Understanding the regex toolbox
The hundred patterns you keep copying.
Why the famous email pattern is wrong, why the popular UUID pattern misses things, and why anchoring matters more than cleverness.
Patterns travel through Stack Overflow.
Almost every regex you'll find in a production codebase started life as a Stack Overflow snippet pasted in by someone who had a job to do and no time to fully validate it. That isn't a bug — patterns are exactly the kind of dense, fiddly knowledge that benefits from communal authorship. But the snippets that travel furthest are usually the ones that were "good enough for the example", not the ones that were right.
The "email" pattern, examined.
The pattern /^\w+@\w+\.\w+$/ appears in tens of thousands of forms. It fails on every email containing a dot in the local-part (firstname.lastname), every domain with multiple dots (mail.example.co.uk), every hyphenated domain, every plus-addressed inbox (alice+spam@example.com), and every internationalised domain. A fully RFC 5322-compliant email regex exists, runs to several hundred characters, and is still wrong because RFC 5322 permits structures that no real mail server accepts. The pragmatic answer: /^[^@\s]+@[^@\s]+\.[^@\s]+$/ is fine for client-side hint validation, and only the SMTP exchange can actually verify the address.
/^[^@\s]+@[^@\s]+\.[^@\s]+$/
UUIDs — versioned, not arbitrary.
A correct UUID v4 pattern checks for the version digit (4) and the variant nibble (the 14th character must be 8, 9, a or b). The everywhere-copied /^[0-9a-f-]{36}$/i matches plenty of strings that aren't valid v4 UUIDs. The right pattern is /^[0-9a-f]{8}-[0-9a-f]{4}-4[0-9a-f]{3}-[89ab][0-9a-f]{3}-[0-9a-f]{12}$/i. For v7, the third group starts with 7 and the variant nibble is the same; for v1, the third group starts with 1 and the timestamp is meaningful.
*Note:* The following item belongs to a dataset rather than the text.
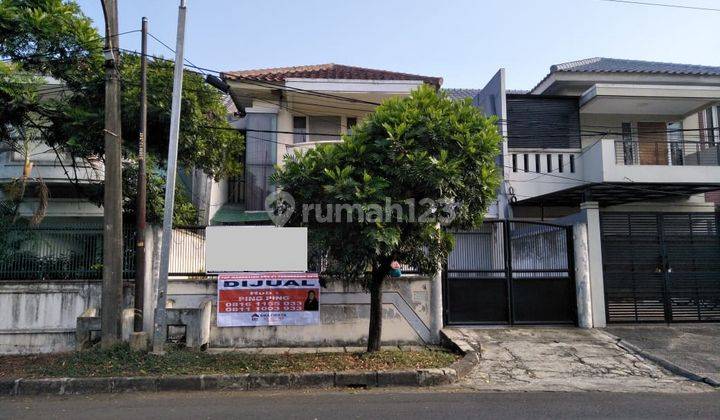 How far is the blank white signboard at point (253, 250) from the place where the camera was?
848 cm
Anchoring is the most-skipped step.
A surprising portion of "this regex matches too much" issues is patterns missing ^ and $. /[a-z]+/ matches the first lowercase run inside the input. Anchored — /^[a-z]+$/ — it only matches strings that are nothing but lowercase letters. The default in most flavours is to find a match anywhere; assertions are how you say "the whole string has to look like this".
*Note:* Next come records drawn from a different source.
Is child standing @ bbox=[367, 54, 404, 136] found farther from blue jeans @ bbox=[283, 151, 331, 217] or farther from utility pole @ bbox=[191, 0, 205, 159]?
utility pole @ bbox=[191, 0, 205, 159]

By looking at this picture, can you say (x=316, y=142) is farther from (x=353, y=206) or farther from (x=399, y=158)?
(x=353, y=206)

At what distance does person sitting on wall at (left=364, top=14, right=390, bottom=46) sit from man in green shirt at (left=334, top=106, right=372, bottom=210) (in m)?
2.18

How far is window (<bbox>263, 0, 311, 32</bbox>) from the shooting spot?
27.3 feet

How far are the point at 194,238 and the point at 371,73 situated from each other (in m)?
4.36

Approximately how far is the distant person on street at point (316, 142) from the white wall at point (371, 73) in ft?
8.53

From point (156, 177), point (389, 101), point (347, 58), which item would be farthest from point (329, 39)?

Greedy vs lazy, with a worked example.
The pattern /<.+>/ against <b>hi</b> matches <b>hi</b> — the whole string — because the .+ is greedy and eats everything up to the last > it can find. Switch to /<.+?>/ with a lazy quantifier and it matches <b>, the smallest valid match. Lazy quantifiers are the right default for HTML-like fragment extraction; greedy quantifiers are the right default for "everything up to the last separator".
Greedy
/<.+>/ against <b>hi</b>
.+ eats until the last > on the line.
match group = <b>hi</b>
= <b>hi</b>
Lazy
/<.+?>/ against <b>hi</b>
.+? stops at the first > it finds.
match group = <b>
= <b>
Catastrophic backtracking.
/^(a+)+$/ matching against aaaaaaaaaaaaaaaaab — eighteen a's and a b — takes a regex engine roughly 2¹⁸ steps before reporting "no match", because the inner and outer plus signs can split the run in exponentially many ways. This is the classic "regex denial-of-service" — a malicious user-supplied string that freezes a server. Modern engines like Rust's regex crate sidestep it with a different algorithm; PCRE/Perl/Python backtracking engines remain vulnerable. Avoid nested quantifiers that can match the same characters two ways; if you need to handle adversarial input, use a non-backtracking engine.
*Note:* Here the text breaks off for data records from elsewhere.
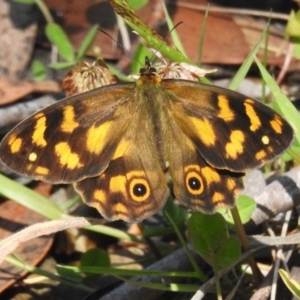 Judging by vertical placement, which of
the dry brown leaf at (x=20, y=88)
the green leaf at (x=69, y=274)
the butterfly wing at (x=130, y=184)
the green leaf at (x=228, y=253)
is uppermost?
the dry brown leaf at (x=20, y=88)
Unicode flags and grapheme clusters.
/\w/ in many flavours means [A-Za-z0-9_] by default — ASCII-only. The Unicode flag (/u in JavaScript, re.UNICODE in Python) extends \w to every letter in every script, and \p{L} matches "any letter character". Emoji and grapheme clusters still don't have native quantifier support in most engines; pattern matching on user-perceived characters needs explicit help.
Named groups and back-references.
(?<year>[0-9]{4})-(?<month>[0-9]{2})-(?<day>[0-9]{2}) gives you readable extraction without counting bracket positions. Almost every modern regex flavour supports named groups (the syntax varies between (?<name> and (?P<name>); JavaScript, .NET, Python and PCRE all do). Back- references — \1 for the first group, \k<name> for a named one — let you match repeated content like (.)(.)\2\1 against "abba".
The playground's role.
The patterns library here is curated, not crawled. Each entry is annotated with what it matches, what it deliberately doesn't, and the smallest counterexample we could find that breaks it. Treat them as starting points: copy, paste, modify, then run against the failing case you actually have. The fastest way to write a correct regex is to start with one that's nearly right and adjust until the live tester confirms it.